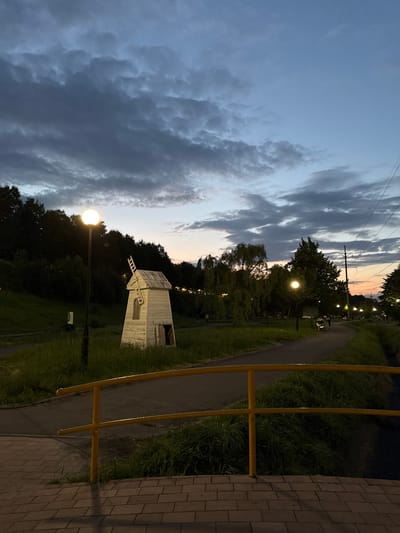 The image depicts a park scene in Vladikavkaz, Russia, during the twilight hours. A white, miniature windmill structure stands on a grassy slope, surrounded by dark trees. A pathway, likely a walking trail, curves through the park, bordered by lush green grass and a yellow railing. A streetlamp with a bright, glowing bulb illuminates the foreground, casting light on the path and nearby vegetation. The sky above is a dramatic mix of dark, brooding clouds and streaks of lighter hues, suggesting the transition from day to night. The overall mood is serene and peaceful, with a hint of atmospheric drama from the sky. There are no visible people or text in the image. The time of day is clearly evening, indicated by the low light and the artificial illumination.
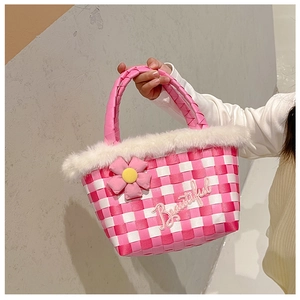 Detailed close-up of girls' pink checkered woven handbag with white faux fur and flower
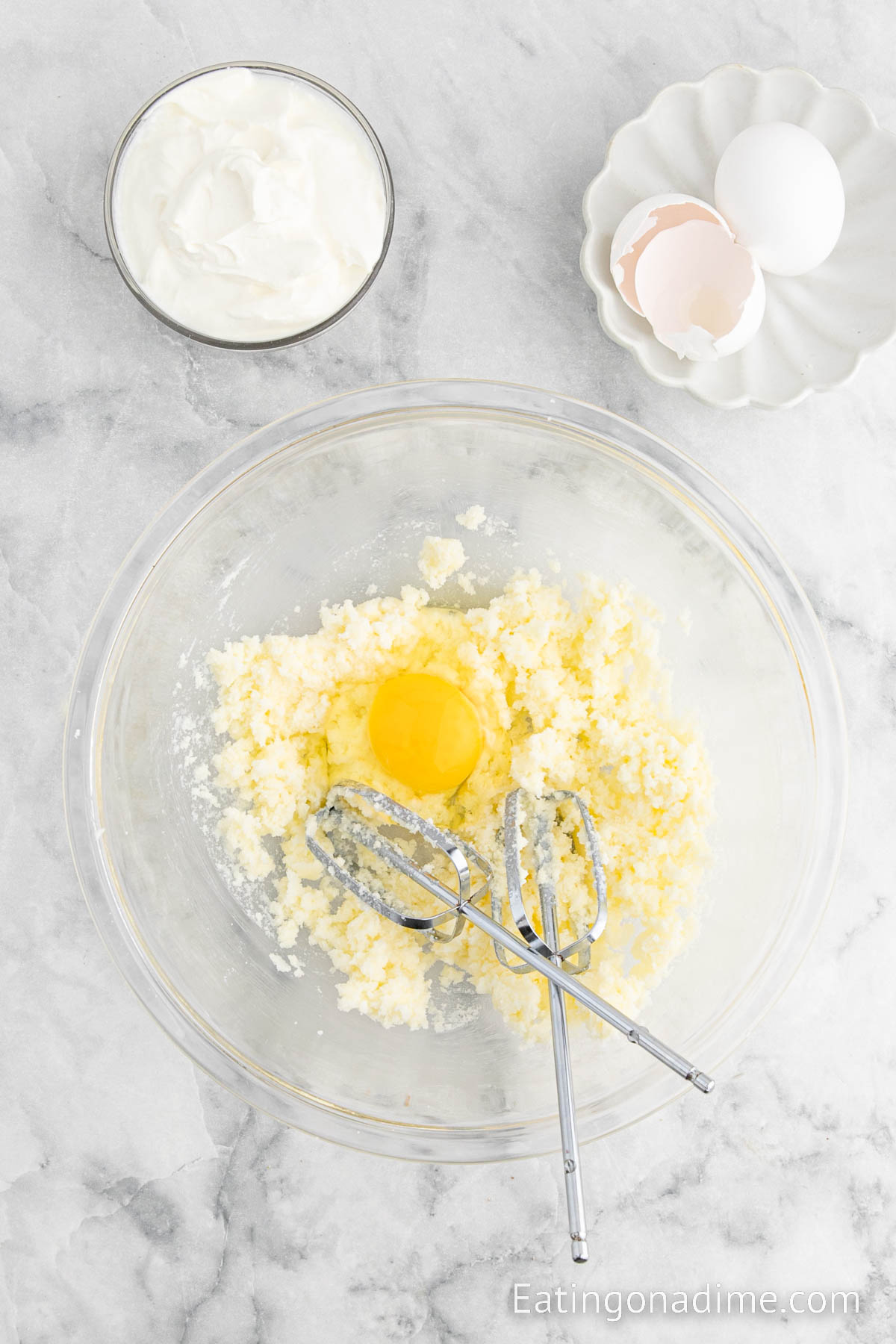 Mixing sugars with butter and eggs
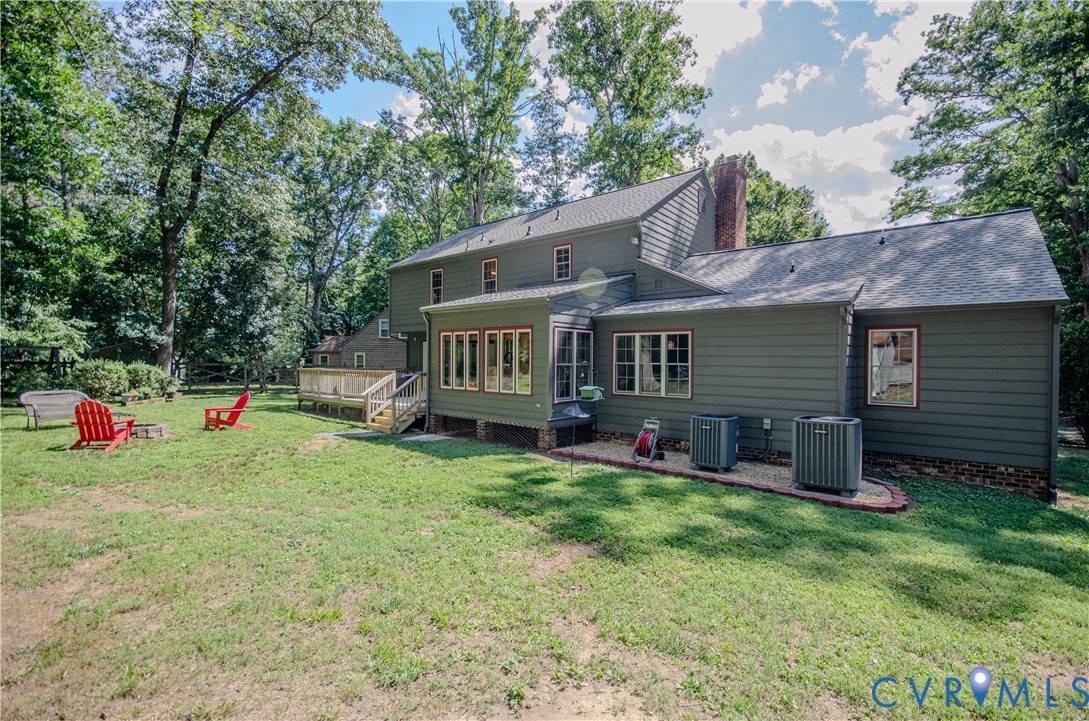 12500 Musical Lane Midlothian, VA 23113 - Photo 47 of 51 Rear exterior featuring a spacious lawn, wood deck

◆ **What this task involves**
Without any of its pictures, the listing is to be repeated exactly as it stands.

◆ **Reply**
 The image depicts a park scene in Vladikavkaz, Russia, during the twilight hours. A white, miniature windmill structure stands on a grassy slope, surrounded by dark trees. A pathway, likely a walking trail, curves through the park, bordered by lush green grass and a yellow railing. A streetlamp with a bright, glowing bulb illuminates the foreground, casting light on the path and nearby vegetation. The sky above is a dramatic mix of dark, brooding clouds and streaks of lighter hues, suggesting the transition from day to night. The overall mood is serene and peaceful, with a hint of atmospheric drama from the sky. There are no visible people or text in the image. The time of day is clearly evening, indicated by the low light and the artificial illumination.
 Detailed close-up of girls' pink checkered woven handbag with white faux fur and flower
 Mixing sugars with butter and eggs
 12500 Musical Lane Midlothian, VA 23113 - Photo 47 of 51 Rear exterior featuring a spacious lawn, wood deck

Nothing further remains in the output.